In 2 is a detailed view of the motor vehicle tire VL with the tire module 1 shown. The vehicle speed or the peripheral speed v _{rad of} the wheel 1 can in this case be divided into a forward vehicle direction velocity component v _x, and in a directed to the road speed v _y. The two speed components can also in a known manner by an angular function as a function of an angle β and the peripheral speed v _{rad of} the wheel 1 be expressed.

As already stated, tire air pressure monitoring systems with a central antenna need information on which wheel position which tire module is 1 . 2 . 3 . 4 located. Without this additional information, the tire air pressure monitoring system can only produce a tire pressure indication, or only a low pressure warning, without position indication. When a spare tire with mounted tire module is in the car, the tire air pressure monitoring system can not distinguish between a tire air pressure loss on a rotating wheel and a tire air pressure loss in the spare wheel.
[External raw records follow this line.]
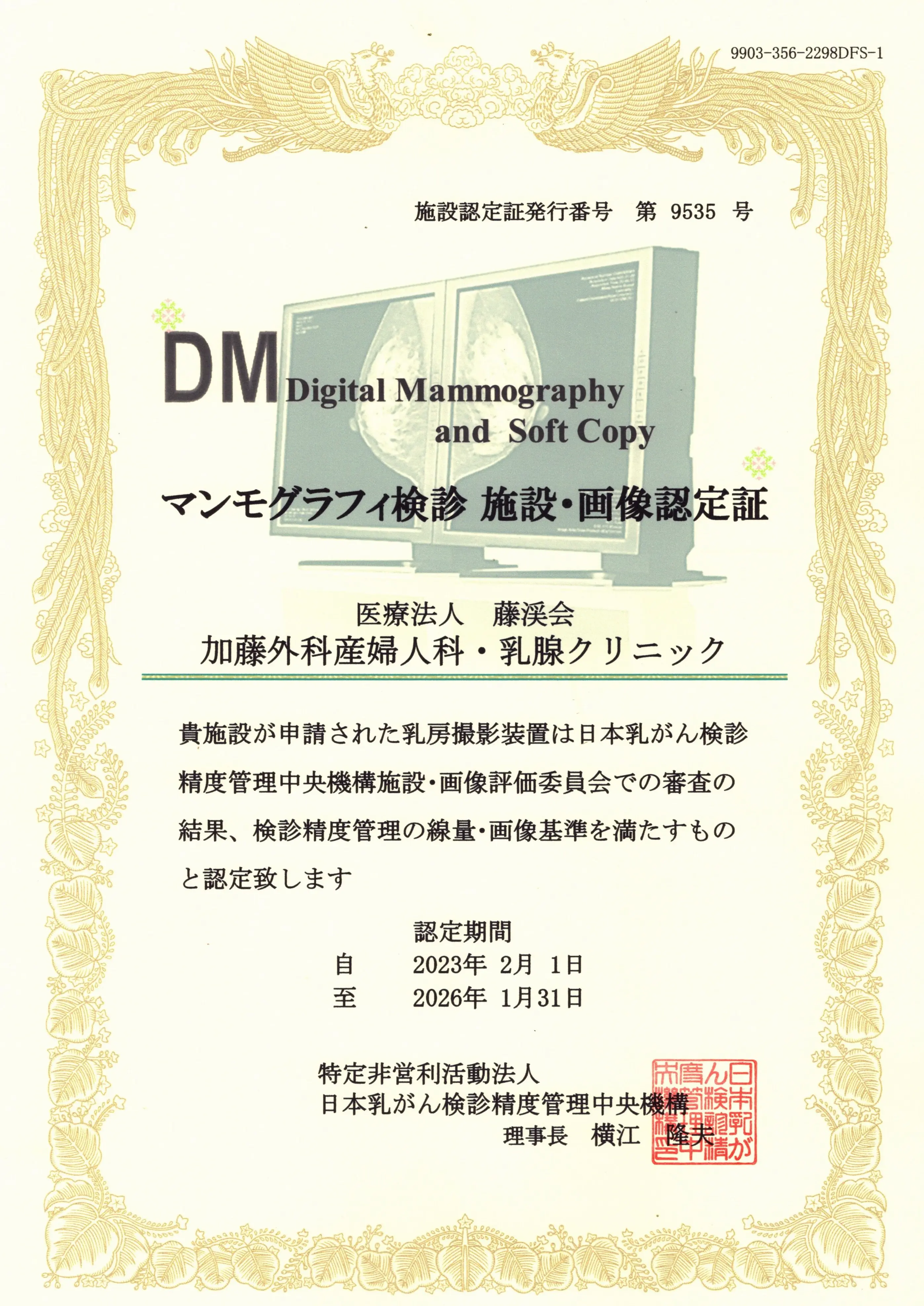 マンモグラフィ検診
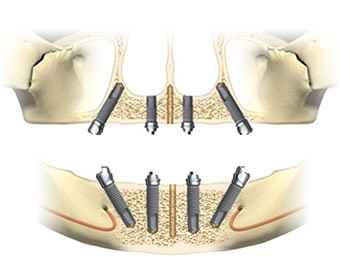 All-on-4 implanty
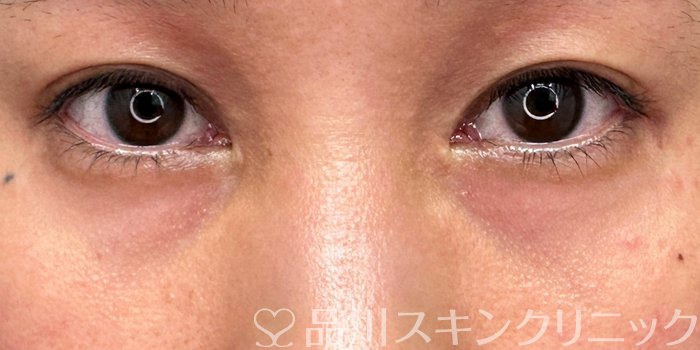 症例NO.70294のBEFORE写真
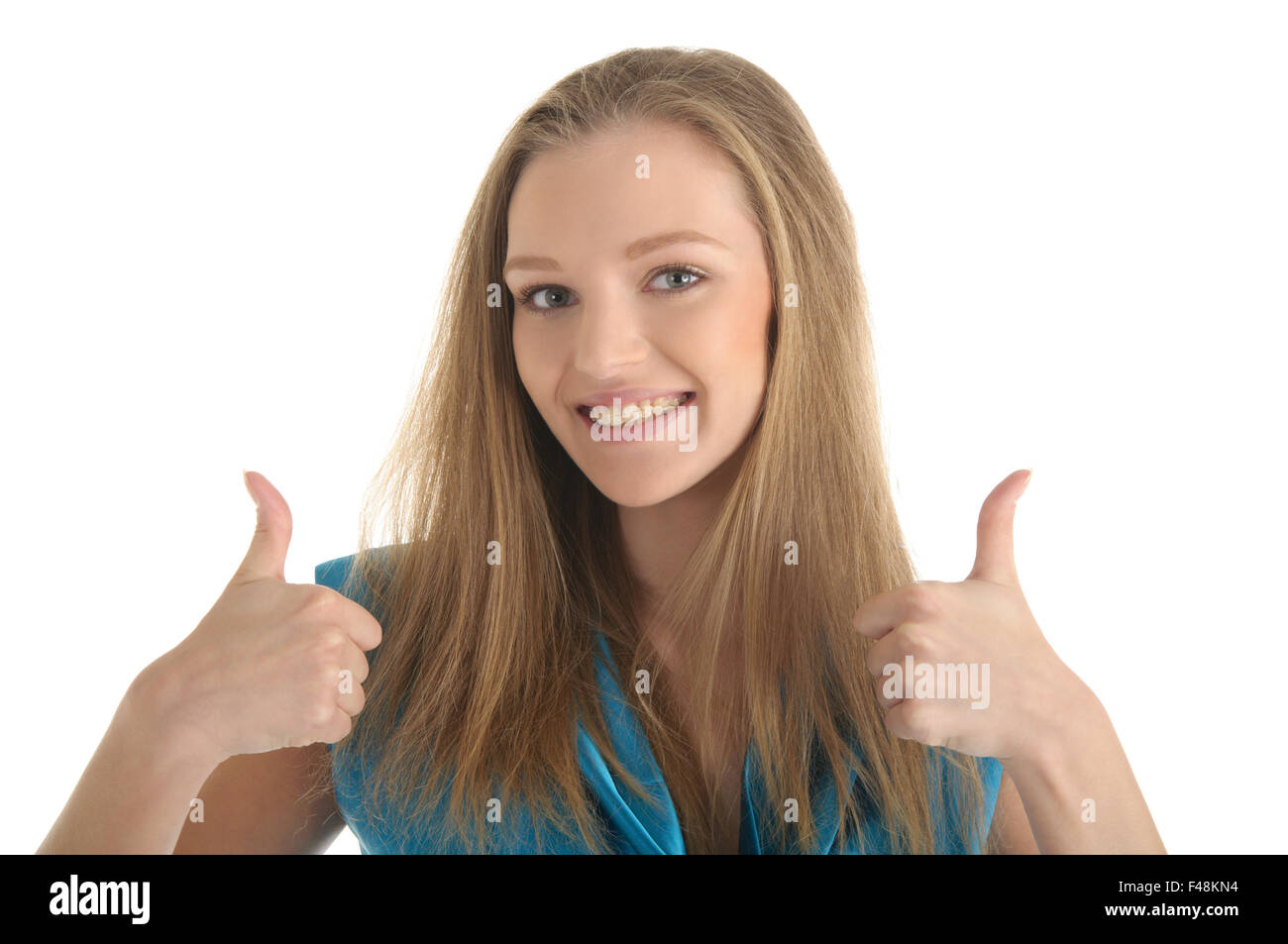 Donna con staffe sui denti Foto Stock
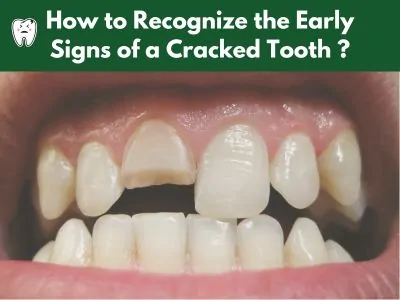 Cracked tooth symptoms you should know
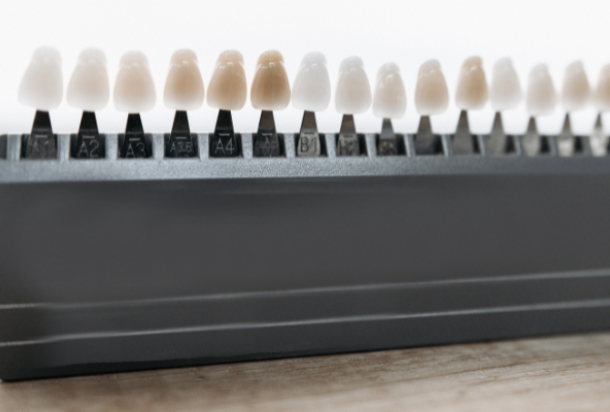 Carillas dentales: diferencias entre composite y porcelana, cuál elegir y por qué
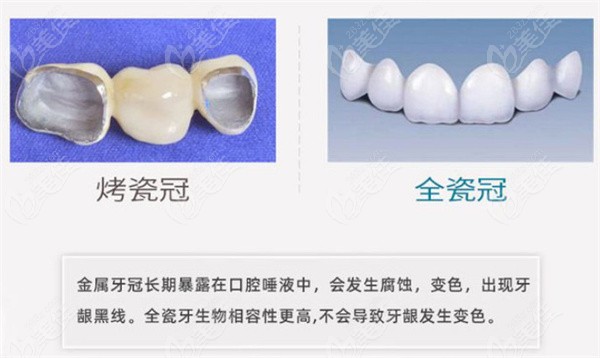 烤瓷牙冠和全瓷牙冠优缺点对比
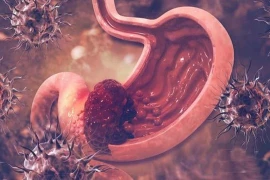 Làm 3 điều này, bạn có thể ngăn ngừa ung thư dạ dày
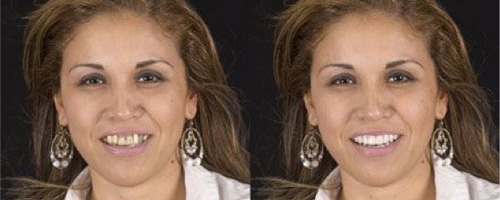 3-Improving First Impressions Study - AACD
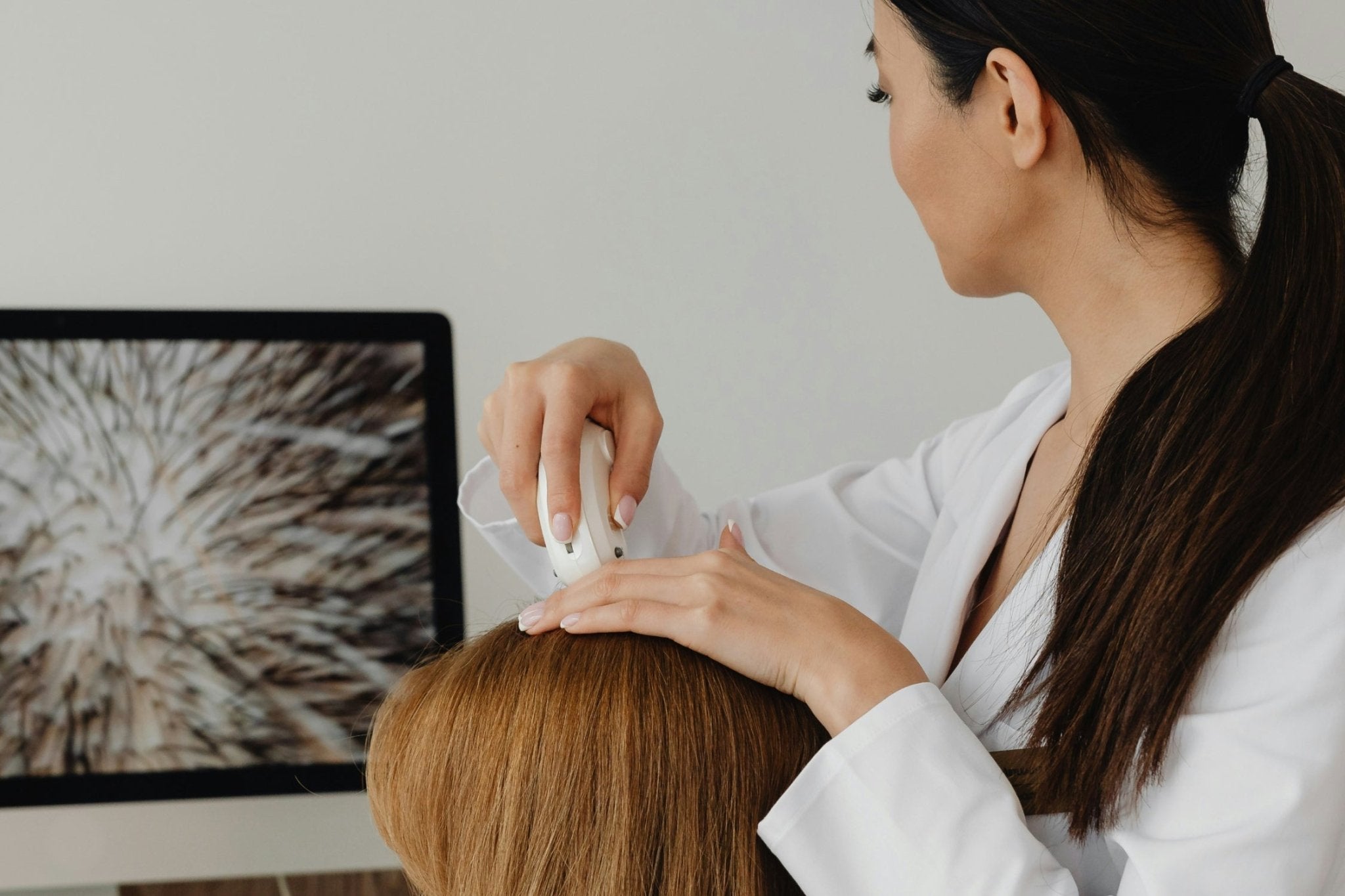 Trockene Kopfhaut behandeln: Die besten Naturprodukte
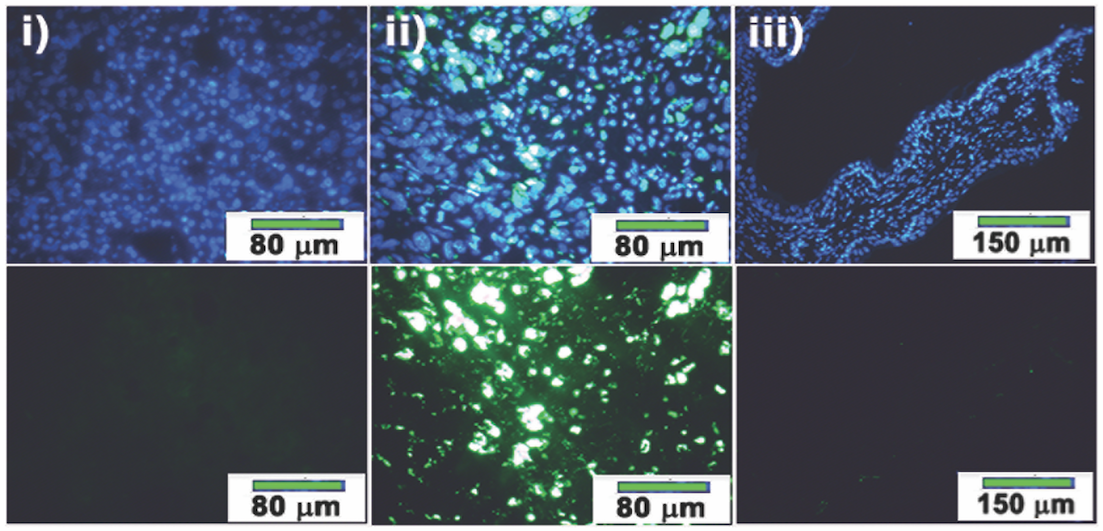 Targeted ovarian cancer cells glow green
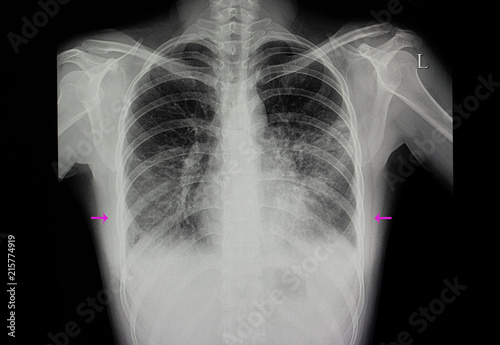 a patient with both lungs pneumonia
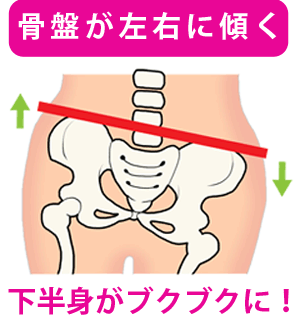 骨盤が左右に傾いた状態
A known solution is to mount 4 antennas in the wheel arches, which then recognize the associated tire module based on the field strength. However, the "4 antenna solution" is not preferable for economic reasons.

The assignment procedure described here is able to distinguish between a rotating tire and spare tire in a tire air pressure monitoring system with only one central antenna and to output the wheel position in the tire pressure display.

c:

Ausbreitungsgeschwindigkeit des Signals, 3·10⁸m/s

For this purpose, the so-called "Doppler effect" is used, which describes the following phenomenon:
If a body radiating a signal of frequency f _{0 is} traveling at a speed v to a receiver which is relatively close to it, a measured frequency f results (as seen from the receiver) as follows:

c:

Propagation speed of the signal, 3 · 10 ⁸ m / s

Similarly, for the departing body:

In the vehicle receiver and transmitter are not in line, so the angles between the direction of movement of the receiver and the (real) propagation direction of the signal must be included. The geometric relationships are simplified 1 removable.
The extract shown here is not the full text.